Of the hundreds of video games introduced each year, most flop utterly, as if their screens and chips gave out algebra rays or tax-audit emanations. A few do moderately well And once every year or so a new game jumps into the public’s lap and licks its face, and proves so endearing that money in unbelievable abundance falls on the heads of its fortunate makers. It is very hard to predict which game will be a lap jumper. Robert Mullane, president of Bally admits that he was not impressed with his first view of Pac Man, the company’s most successful game. “Who plays a maze game?” he remembers thinking.
To assist in divination, game companies bring in packs of sockless teen-agers to play prototypes, and hire as consultants professors of almost anything—engineering, psychology computer science, possibly even medieval French literature. At Bally, three teams of about 25 engineers, artists, computer programmers and game developers work on translating ideas into intricate microchip circuitry. One project started three years ago in Bally’s Midway division as a black-and-white game called Catch 40. A little man ran back and forth trying to catch falling objects on his head. As the game progressed, the objects fell faster and faster. Early tests showed that the game grew too difficult too quickly—the objects fell so fast no one could catch them. “You were arbitrarily deprived of playing,” said Martin Keane, Bally’s director of technology. “In the ideal situation, the player feels it’s his own fault that he lost.” So Catch 40 lay on the shelf for two years.
“We went dry for ideas,” says John Pasierb, Midway’s chief electrical engineer. They needed to give the little man, who had evolved into a clown on a unicycle, another weapon to help him deal with the falling balloons. Hank Ross one of Midway’s founders, got the idea of letting the clown retrieve missed balls by kicking them back into the air. It was decided that on the easy first “rack,” or skill level (some games have as many as 20 racks), the clown would get rid of balloons by popping them with a spike on his hat. But on the second level, the balloons would pile up on his head, so that successive balloons would have a shorter distance to fall from the top of the screen, and the clown would have to pedal faster to get to them. To identify racks as the game progressed, additional falling objects were introduced—flowers, hats and beach balls. While the pedaling clown was catching or kicking these, it was decided there should be occasional hazards too: some of the thrown objects could be anvils that he would have to avoid. Scratch that, said someone; you cannot throw anvils. So eventually, bombs were substituted. (In the violent idiom of video games, this makes perfect sense.)
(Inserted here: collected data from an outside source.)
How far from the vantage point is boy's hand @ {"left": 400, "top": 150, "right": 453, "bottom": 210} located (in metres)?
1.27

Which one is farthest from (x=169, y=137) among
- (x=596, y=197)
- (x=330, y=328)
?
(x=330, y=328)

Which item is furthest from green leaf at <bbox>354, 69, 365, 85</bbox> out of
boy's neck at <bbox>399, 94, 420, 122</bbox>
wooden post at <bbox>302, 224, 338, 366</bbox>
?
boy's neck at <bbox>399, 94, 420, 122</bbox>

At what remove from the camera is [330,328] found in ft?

Hank Ross had another idea that everyone hoped would give the game a last, irresistible quirk of personality. This is known in the business as “the tweak. He proposed having Bally’s enormously popular Pac Man, a dot-gobbling yellow disc, help the player by eating balloons on the clown’s head. And so it came to pass, and a sneak preview was held at a local arcade. The results, after all of this R. & D., were disastrous. The game, renamed Kick, took too long to play, and thus took in too few quarters. To remedy this, the rate of fall of the balloons was slightly speeded up.
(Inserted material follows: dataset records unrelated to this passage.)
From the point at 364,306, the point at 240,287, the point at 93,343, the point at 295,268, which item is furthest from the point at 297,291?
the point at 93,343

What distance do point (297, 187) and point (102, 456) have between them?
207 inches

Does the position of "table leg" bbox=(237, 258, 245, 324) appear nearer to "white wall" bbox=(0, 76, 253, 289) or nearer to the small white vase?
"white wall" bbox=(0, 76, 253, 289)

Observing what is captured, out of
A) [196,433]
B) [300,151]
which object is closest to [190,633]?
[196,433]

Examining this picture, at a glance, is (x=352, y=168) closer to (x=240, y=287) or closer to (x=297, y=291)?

Some time early this year, after further tinkering with the game, Kick will be shipped to distributors and then will appear in the arcades. Bally’s development people think it is fun, but right now, no one has any idea whether it will be a lap jumper or a puddle maker. “This is the most democratic business in the world,” says Mount Prospect, Ill., Arcade Owner Bill Herman. “You got a ballot box, and people vote with their quarters.”